JOHN BLOW: An Ode on the Death of Mr. Henry Purcell; PURCELL: Here Let my Life; But ah, I See Eusebia Drown’d in Tears; Symphony for the Flutes; Strike the Viol; others – Carlos Mena & Damien Guillon, counter tenors/Ricercar Consort – Mirare

by | Jan 26, 2011 | Classical CD Reviews | 0 comments

JOHN BLOW: An Ode on the Death of Mr.
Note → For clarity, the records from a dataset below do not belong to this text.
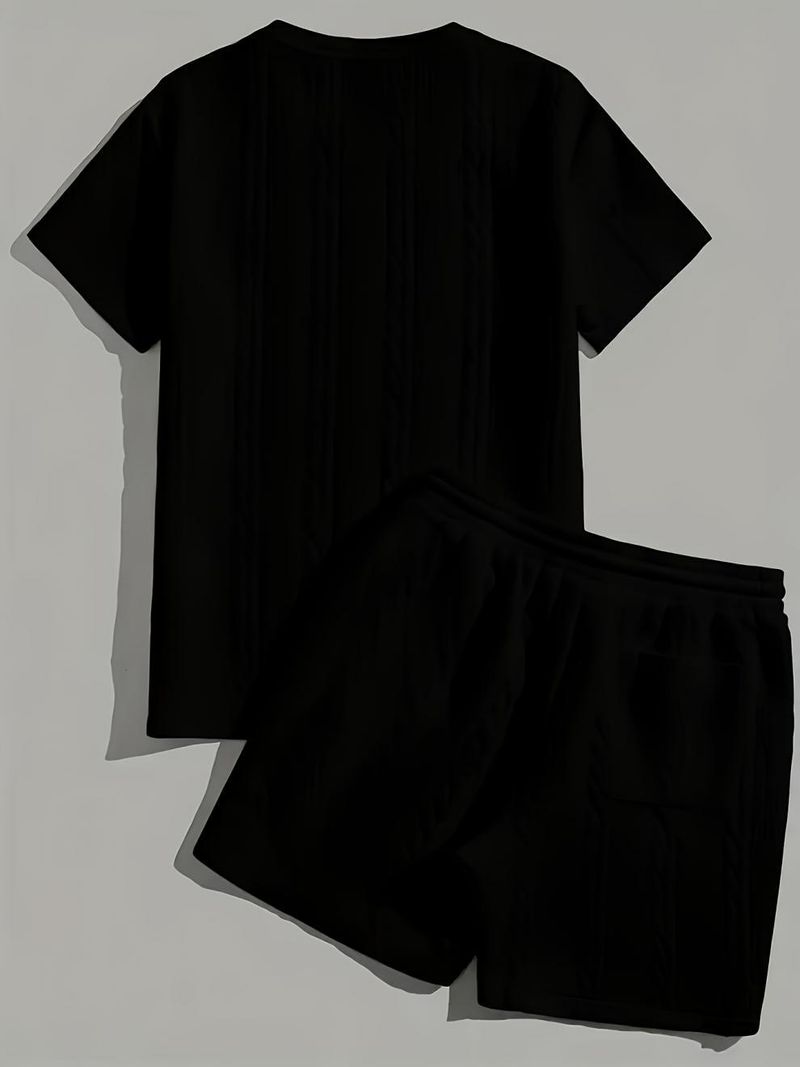 Uomo, pantaloncini da uomo in maglia a 2 pezzi, comodi, con motivo a spighe di grano e fiori, taglie grandi_voghion.com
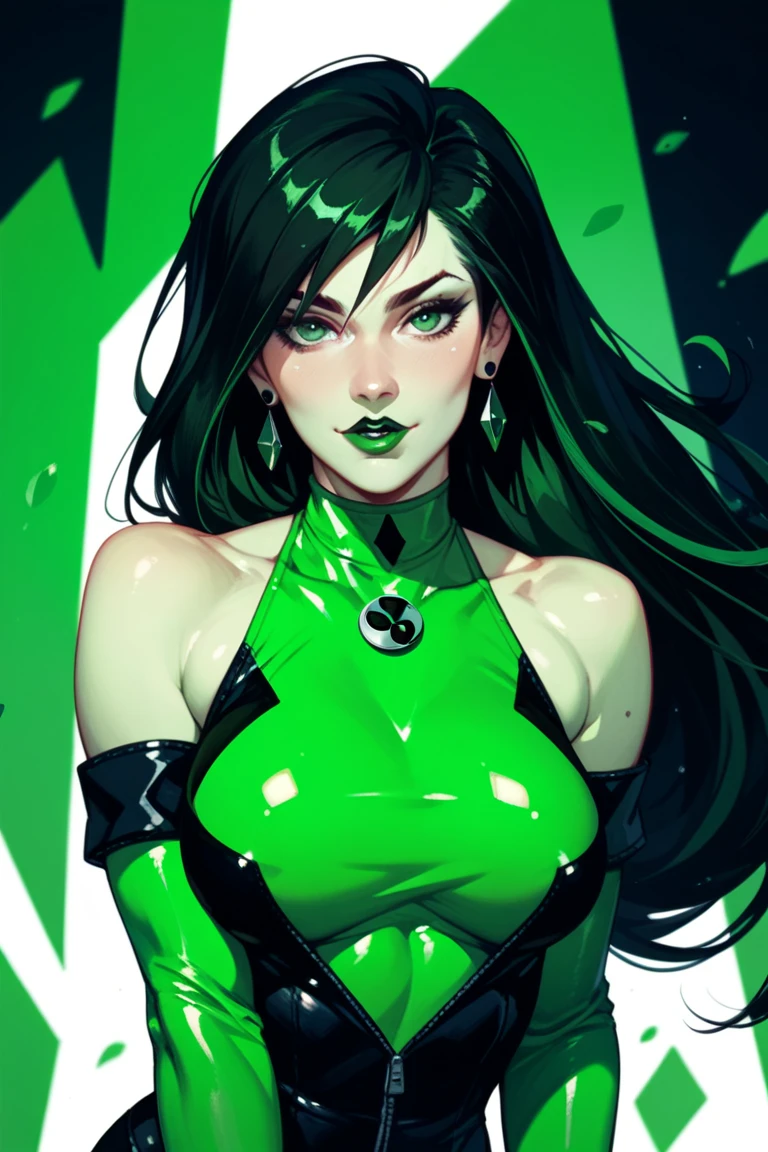 Sexy woman, dark hair, white crop top, cleavage, Bluejeans, in the streets Female with long dark brown hair green eyes as a mcu comic book character with green powders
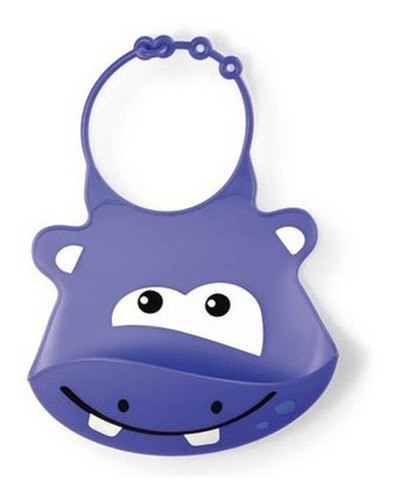 Babero infantil de silicona Multikids Baby, diseño de hipopótamo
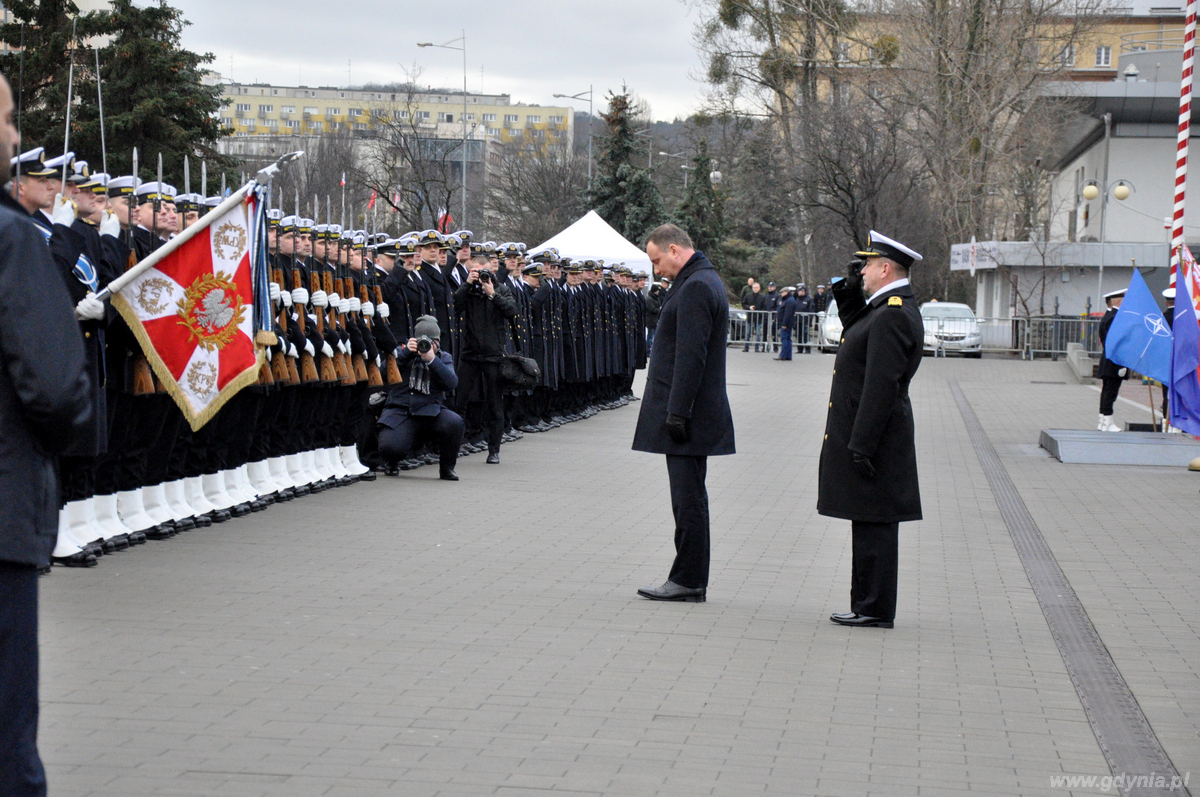 Prezydent Rzeczypospolitej Polskiej Andrzej Duda podczas obchodów 98. rocznicy odtworzenia Marynarki Wojennej RP w Gdyni, fot. Dorota Nelke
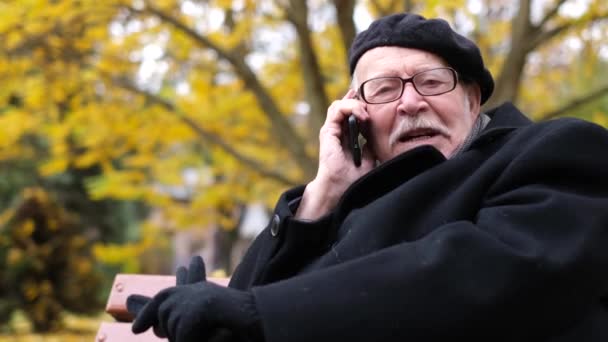 Hombre viejo positivo relajarse, otoño ciudad octubre parque sentarse en un banco llamar a un segundo teléfono inteligente. — Vídeos de Stock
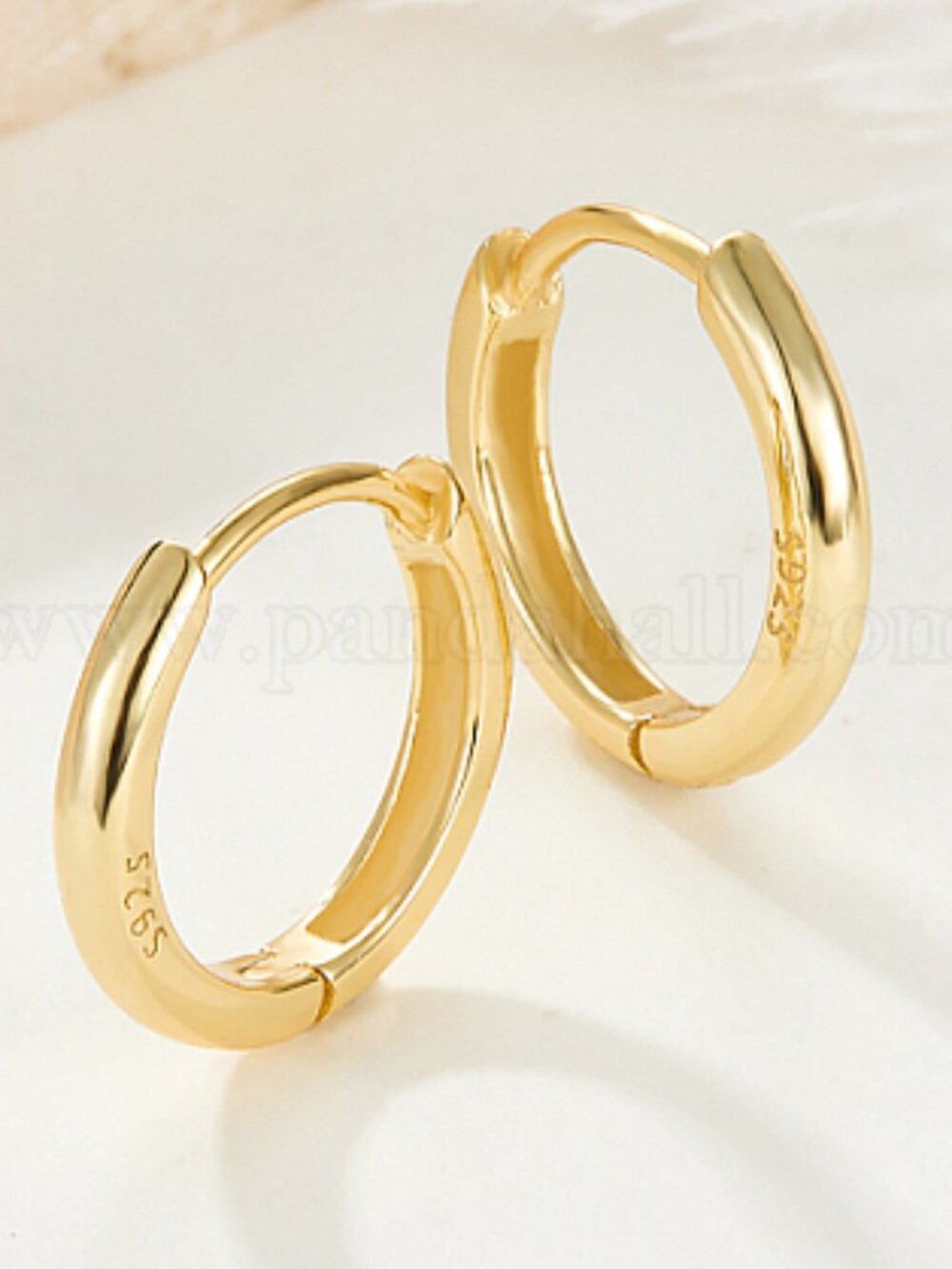 925 Sterling Silver Huggie Hoop Earrings, Round Ring, with S925 Stamp, 14mm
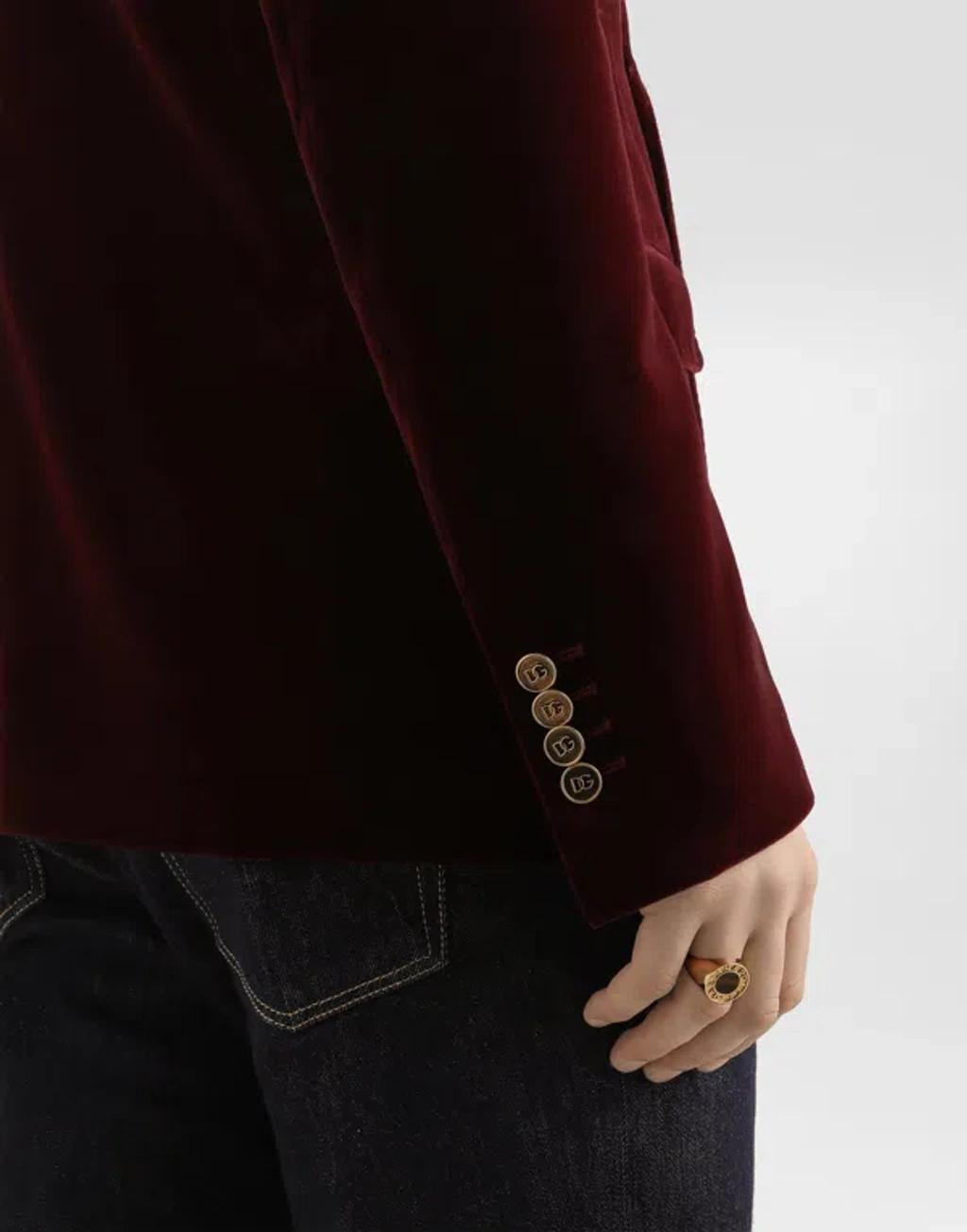 DOLCE & GABBANA Sicilia Velvet Double-breasted Blazer In Red Product Image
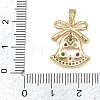 Christmas Brass Micro Pave Cubic Zirconia Pendants KK-K413-02G-3
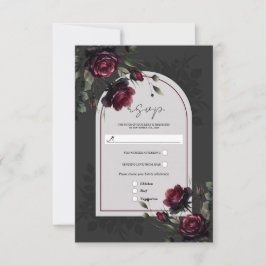 Bordeaux-Rote Rosen Schadowy-Hochzeit RSVP Karte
Henry Purcell; PURCELL: Here Let my Life; But ah, I See Eusebia Drown’d in Tears; Symphony for the Flutes; Strike the Viol; Her Charming Strains; Chaconne; A Song in the Prophetess; Symphony for the Flutes; No, no Resistance is but Vain; I loved Fair Celia; Sweetness of Nature – Carlos Mena, counter tenor/ Damien Guillon, counter tenor/ Ricercar Consort/ Philippe Pierlot, conductor & bass viol – Mirare 109, 58:00 [Distr. by Harmonia mundi] ****:

Counter tenors don’t do a lot for me—the medium always sounds so contrived, undernourished, and artificial, a poor man’s attempt (or a scared man’s attempt) at castrato imitation, lacking the power of that species and sounding too fluffy and weak. So the idea of two counter tenors almost sent me into apoplexy when I saw this release. Here we are given a number of duets and solo instrumental pieces by the indomitable Henry Purcell, along with Mr. John Blow’s best ever work, his ode on the death of his good friend and pupil, the same Mr. Purcell.

On the whole this release is exemplary; the Ricercar Consort is spot on in its interpretations of the Purcell idiom, always sprightly and technically flawless, but at the same time quite relaxed and free-flowing when the moment calls for it. Maybe it’s the intimate setting with the counter tenors, but I do not detect the same sort of struggling projection issues that I normally hear, and both voices are engaging and quite harmonious to the ear, a nice change.

Sound is colorful, vivid, and nicely placed among the instruments, with an excellent balance and well-nigh perfectly judged sense of proportion. These songs are among Purcell’s best, and the Blow has never been recorded better, so this gets an easy recommendation—and no one is more surprised than me.